= Task statement =
Needed from the data below: every line from the one with "FANDARE Anti-diefstal Sling-Borsttas" up to and including the one with "NHL Vegas Golden", repeated exactly and with nothing else.

[[ Input data open ]]

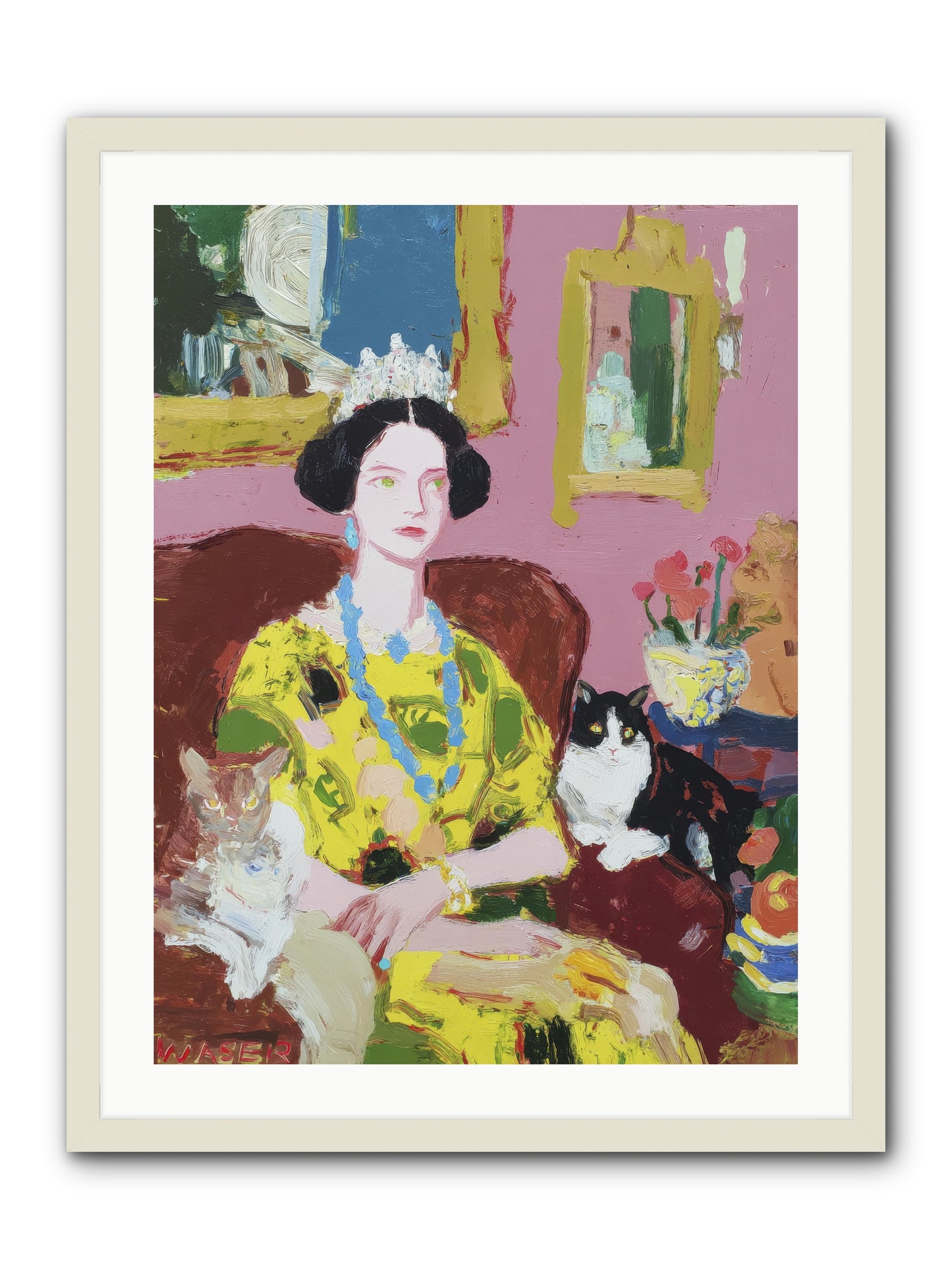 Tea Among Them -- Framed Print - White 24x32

[[ Input data closed ]]
[[ Input data open ]]

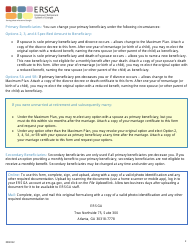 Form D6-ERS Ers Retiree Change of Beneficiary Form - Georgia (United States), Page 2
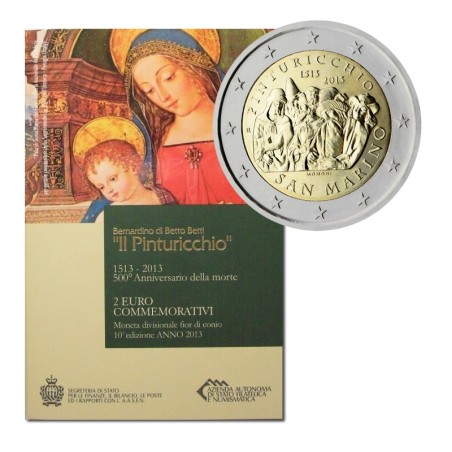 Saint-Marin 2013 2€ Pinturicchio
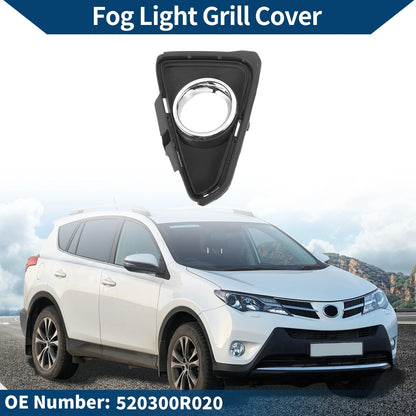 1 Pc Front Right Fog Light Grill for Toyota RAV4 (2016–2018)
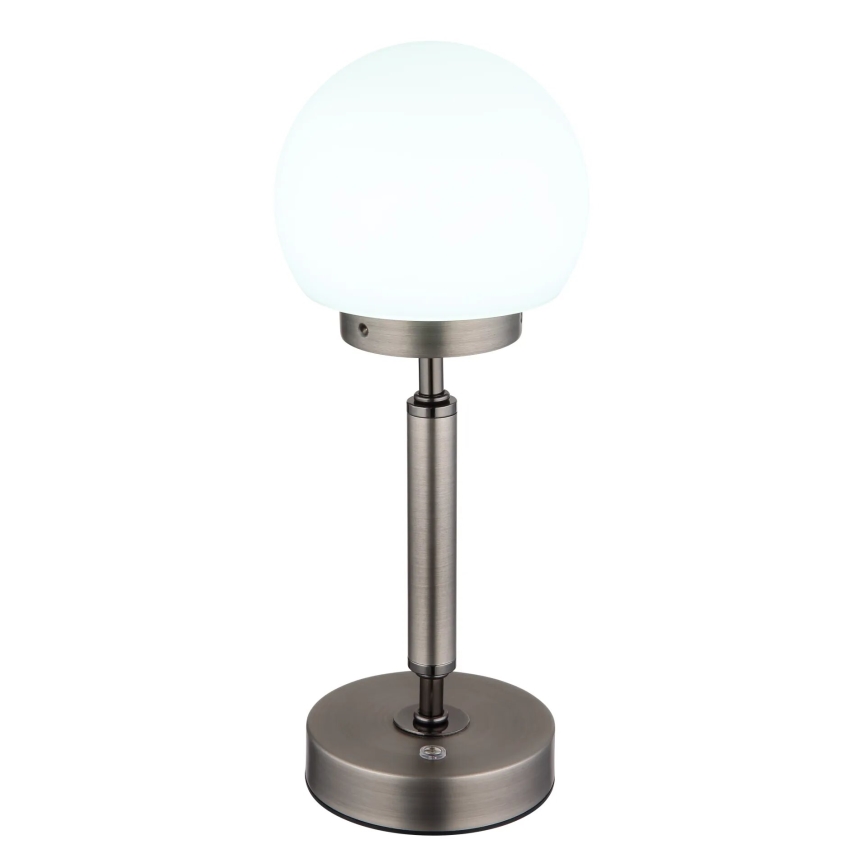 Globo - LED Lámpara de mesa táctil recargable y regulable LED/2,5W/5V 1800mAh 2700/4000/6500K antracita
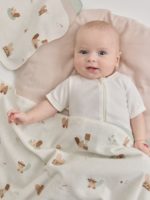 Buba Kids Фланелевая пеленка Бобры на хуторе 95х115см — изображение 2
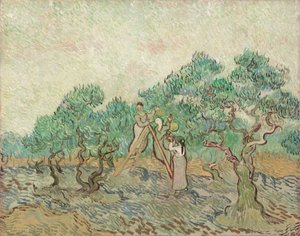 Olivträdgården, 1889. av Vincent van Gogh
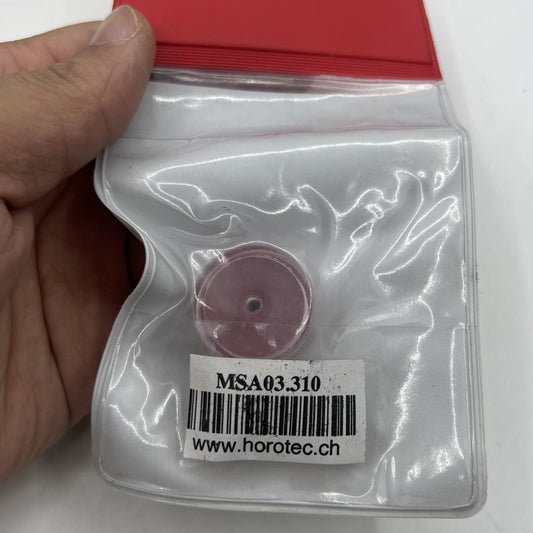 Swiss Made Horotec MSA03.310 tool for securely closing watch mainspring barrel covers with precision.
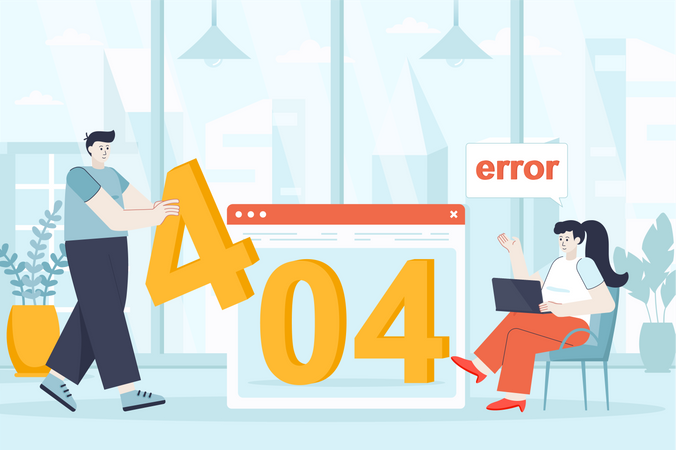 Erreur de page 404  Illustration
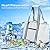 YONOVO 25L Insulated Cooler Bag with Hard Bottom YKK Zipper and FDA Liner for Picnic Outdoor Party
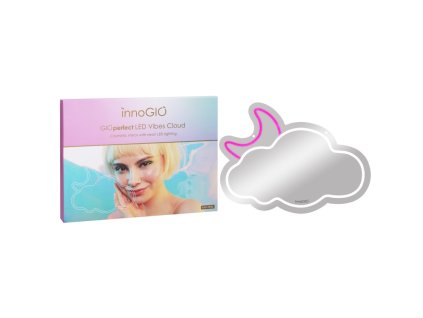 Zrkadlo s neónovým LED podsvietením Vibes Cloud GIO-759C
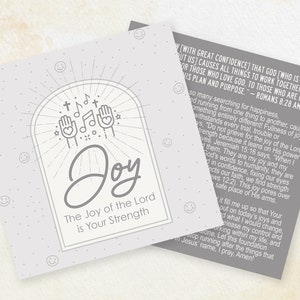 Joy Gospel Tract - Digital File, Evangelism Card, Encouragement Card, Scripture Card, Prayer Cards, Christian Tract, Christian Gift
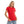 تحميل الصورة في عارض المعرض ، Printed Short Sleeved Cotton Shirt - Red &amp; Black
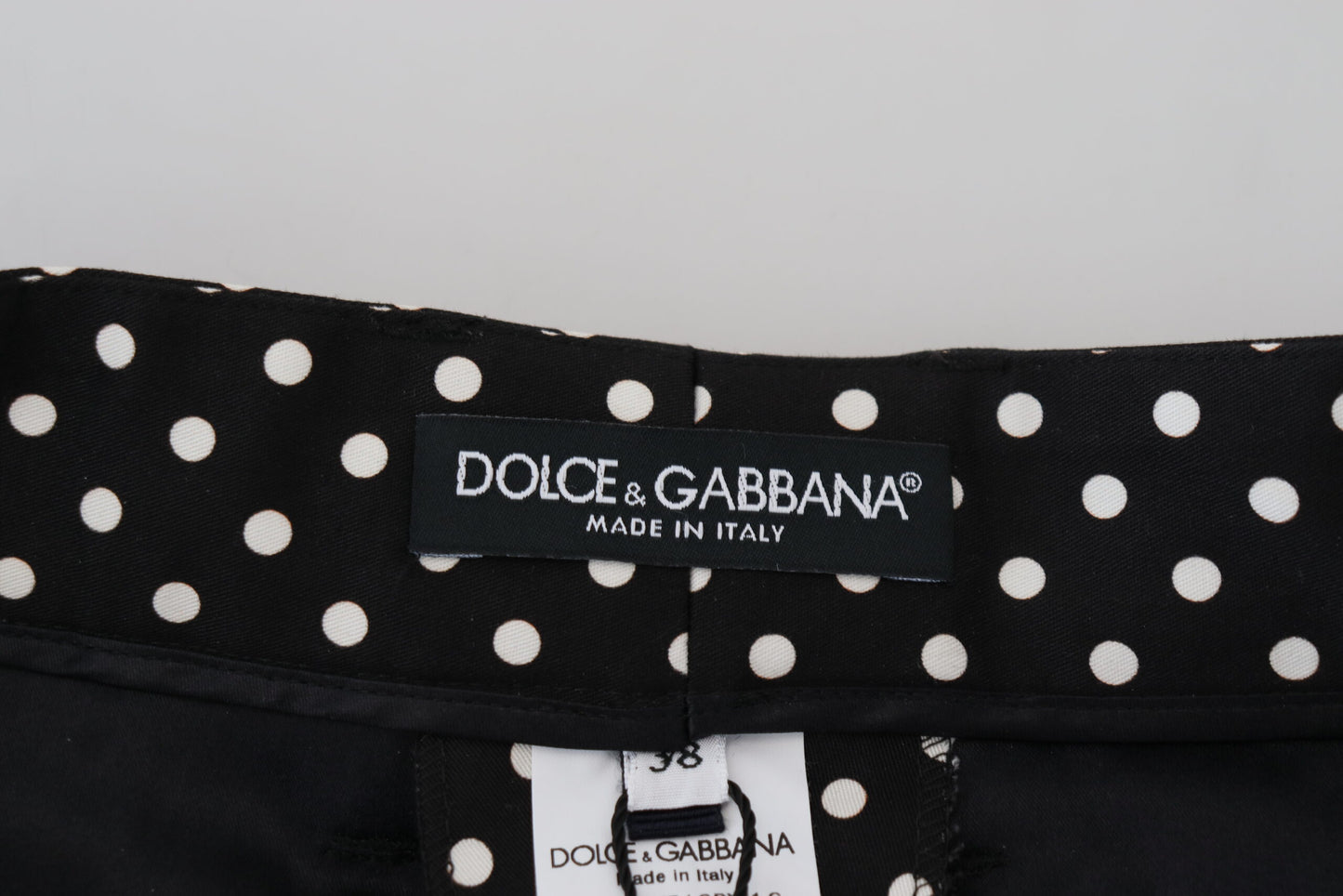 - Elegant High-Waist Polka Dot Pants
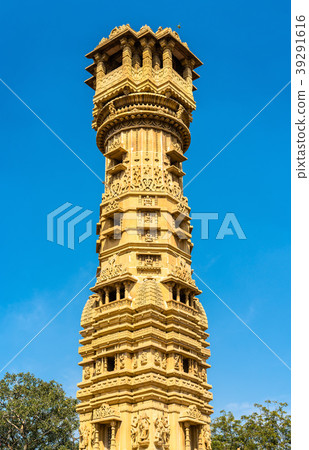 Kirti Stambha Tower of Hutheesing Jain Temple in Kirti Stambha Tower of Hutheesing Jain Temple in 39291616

[[ Input data closed ]]
[[ Input data open ]]

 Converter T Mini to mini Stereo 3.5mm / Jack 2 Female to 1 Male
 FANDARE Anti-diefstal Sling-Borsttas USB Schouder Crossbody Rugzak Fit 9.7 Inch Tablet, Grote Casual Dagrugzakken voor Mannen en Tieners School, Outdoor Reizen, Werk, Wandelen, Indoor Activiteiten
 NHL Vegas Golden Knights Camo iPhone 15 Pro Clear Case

[[ Input data closed ]]

= Exercise answer =
 FANDARE Anti-diefstal Sling-Borsttas USB Schouder Crossbody Rugzak Fit 9.7 Inch Tablet, Grote Casual Dagrugzakken voor Mannen en Tieners School, Outdoor Reizen, Werk, Wandelen, Indoor Activiteiten
 NHL Vegas Golden Knights Camo iPhone 15 Pro Clear Case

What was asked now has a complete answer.